I was in the chaplaincy office during lunchtime one day and some of the students were discussing it. I had an idea what it was but, being a very cool and hip chaplain (!!), I managed to hide my utter ignorance and un-hipness (is that even a word?), nodded and smiled, ahh-ed and yes-ed at their chat about the latest videos they were watching. I even said “Yes!” when their questions began with “And sir, you know when….” Nope, hadn’t a clue. As soon as they were out the door, I started to google. Frantically.

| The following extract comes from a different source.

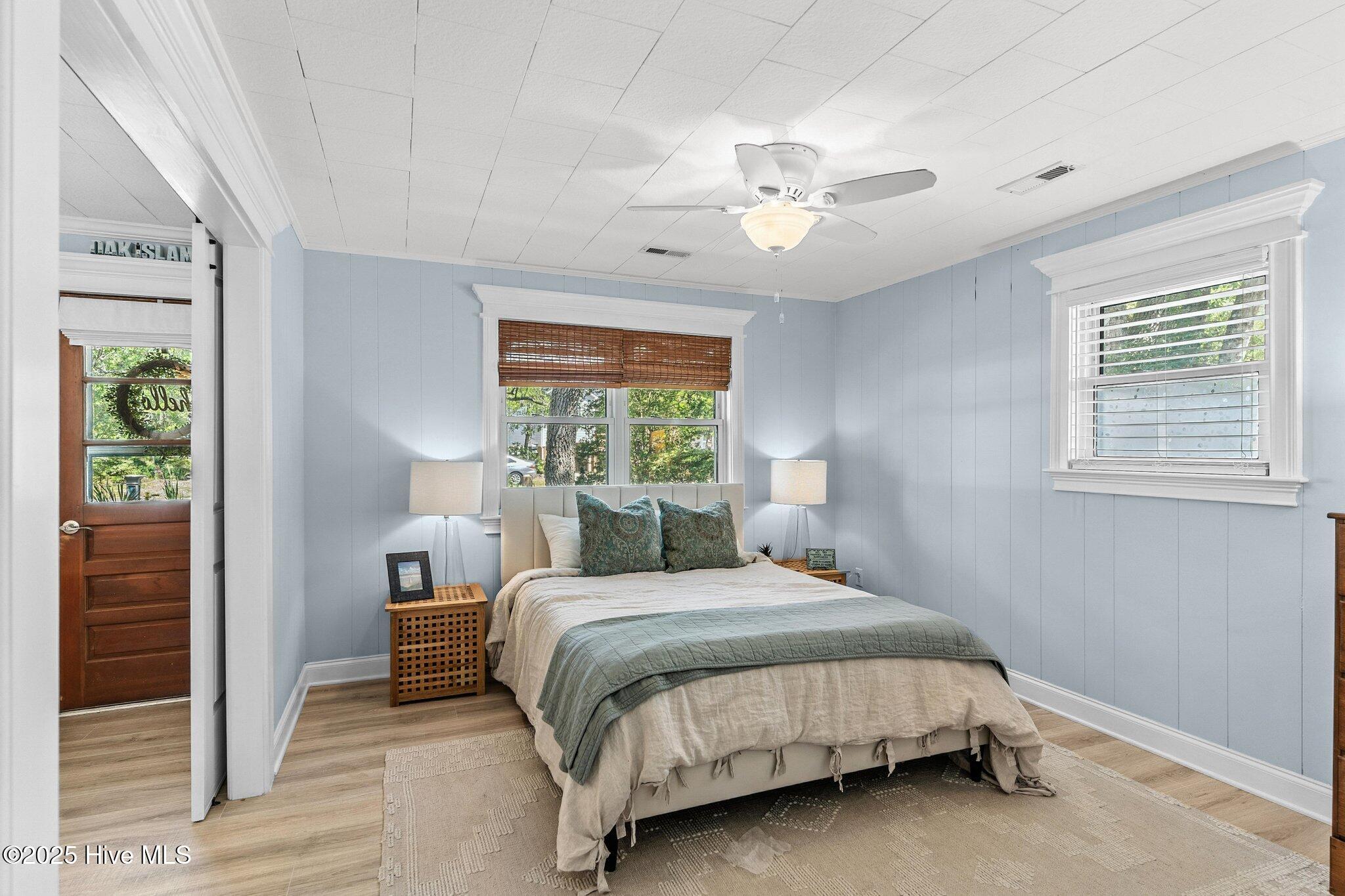 100514497 | Photo 23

The second encounter was more up-close. Mrs. Landor (our Head of RE) and myself took some of our Faith in Action students to the Lenten Youth Alive Mass in Crosby. Before we went to Crosby, we stopped off at McDonald’s in Aintree for some food before Mass (as you do). That’s when I learned the power of TikTok. Towards the end of the meal, the students were moving to different locations in the restaurant, putting down their phones and dancing in front of them. I didn’t know what to do – should I tell them to sit down or let them..er…tiktok? I decided to get them back in the bus…we were finished anyway.
We then drove to Crosby, parked opposite the church but, since we were early, we decided to wait in the bus. Moments later, the girls are up out of their seats, phones down, dancing, giggling and laughing. Mrs Landor and I stared out through the windscreen as the bus rocked and shaked to the music and dancing of TikTok. Suddenly, we weren’t too early for Mass!
If you look up the purpose of TikTok on their website, you will read this: “Our mission is to inspire creativity and bring joy.” The expressions of the girls that night in McDonald’s, the giggles and laughter in the bus in Crosby was nothing but pure, simple, harmless joy. Don’t get me wrong, there will always be negative content on TikTok as there would be on any social media or video platform but there is also so much content that provides simple joy and inspiration. TikTok, for the most part, fulfills their mission.
Joy is at the heart of the gospels. It is interesting that Jesus was often criticised by the religious authorities for his joy. He announced the beginning of his mission not with words but with a gesture – a six hundred and eighty litres of wine gesture to be exact. The prophets had always used the image of a wedding feast to symbolise the coming of God’s reign; a big banquet of food and lots of wine!! And Jesus used this wedding feast, not to show off his wine making abilities but as a way of announcing the joyful reign of God.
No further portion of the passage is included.